### Task item
The entries below should be copied exactly and completely.

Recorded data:

━━━

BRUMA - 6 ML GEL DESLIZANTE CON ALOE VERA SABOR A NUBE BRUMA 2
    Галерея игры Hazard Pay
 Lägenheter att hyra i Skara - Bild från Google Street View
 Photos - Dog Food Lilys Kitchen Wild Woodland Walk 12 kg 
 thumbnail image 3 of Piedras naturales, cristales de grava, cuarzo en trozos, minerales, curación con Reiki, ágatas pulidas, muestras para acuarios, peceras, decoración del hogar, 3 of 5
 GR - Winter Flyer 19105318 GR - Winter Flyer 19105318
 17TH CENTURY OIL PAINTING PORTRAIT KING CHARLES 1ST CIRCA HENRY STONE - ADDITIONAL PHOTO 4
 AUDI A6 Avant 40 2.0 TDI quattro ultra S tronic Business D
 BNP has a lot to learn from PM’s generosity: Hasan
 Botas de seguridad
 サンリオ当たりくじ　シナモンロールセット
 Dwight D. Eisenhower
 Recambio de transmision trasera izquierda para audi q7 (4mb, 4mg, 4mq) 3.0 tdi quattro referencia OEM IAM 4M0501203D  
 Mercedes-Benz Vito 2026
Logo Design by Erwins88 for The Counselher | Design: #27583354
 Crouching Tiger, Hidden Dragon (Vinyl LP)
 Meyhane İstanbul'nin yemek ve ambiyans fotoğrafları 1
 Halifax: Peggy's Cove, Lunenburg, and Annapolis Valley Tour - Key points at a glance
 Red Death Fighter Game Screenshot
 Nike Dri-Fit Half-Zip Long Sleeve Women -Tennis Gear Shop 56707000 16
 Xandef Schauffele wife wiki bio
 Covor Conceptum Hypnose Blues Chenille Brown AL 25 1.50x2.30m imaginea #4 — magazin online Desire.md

━━━

### Response to this task
BRUMA - 6 ML GEL DESLIZANTE CON ALOE VERA SABOR A NUBE BRUMA 2
    Галерея игры Hazard Pay
 Lägenheter att hyra i Skara - Bild från Google Street View
 Photos - Dog Food Lilys Kitchen Wild Woodland Walk 12 kg 
 thumbnail image 3 of Piedras naturales, cristales de grava, cuarzo en trozos, minerales, curación con Reiki, ágatas pulidas, muestras para acuarios, peceras, decoración del hogar, 3 of 5
 GR - Winter Flyer 19105318 GR - Winter Flyer 19105318
 17TH CENTURY OIL PAINTING PORTRAIT KING CHARLES 1ST CIRCA HENRY STONE - ADDITIONAL PHOTO 4
 AUDI A6 Avant 40 2.0 TDI quattro ultra S tronic Business D
 BNP has a lot to learn from PM’s generosity: Hasan
 Botas de seguridad
 サンリオ当たりくじ　シナモンロールセット
 Dwight D. Eisenhower
 Recambio de transmision trasera izquierda para audi q7 (4mb, 4mg, 4mq) 3.0 tdi quattro referencia OEM IAM 4M0501203D  
 Mercedes-Benz Vito 2026
Logo Design by Erwins88 for The Counselher | Design: #27583354
 Crouching Tiger, Hidden Dragon (Vinyl LP)
 Meyhane İstanbul'nin yemek ve ambiyans fotoğrafları 1
 Halifax: Peggy's Cove, Lunenburg, and Annapolis Valley Tour - Key points at a glance
 Red Death Fighter Game Screenshot
 Nike Dri-Fit Half-Zip Long Sleeve Women -Tennis Gear Shop 56707000 16
 Xandef Schauffele wife wiki bio
 Covor Conceptum Hypnose Blues Chenille Brown AL 25 1.50x2.30m imaginea #4 — magazin online Desire.md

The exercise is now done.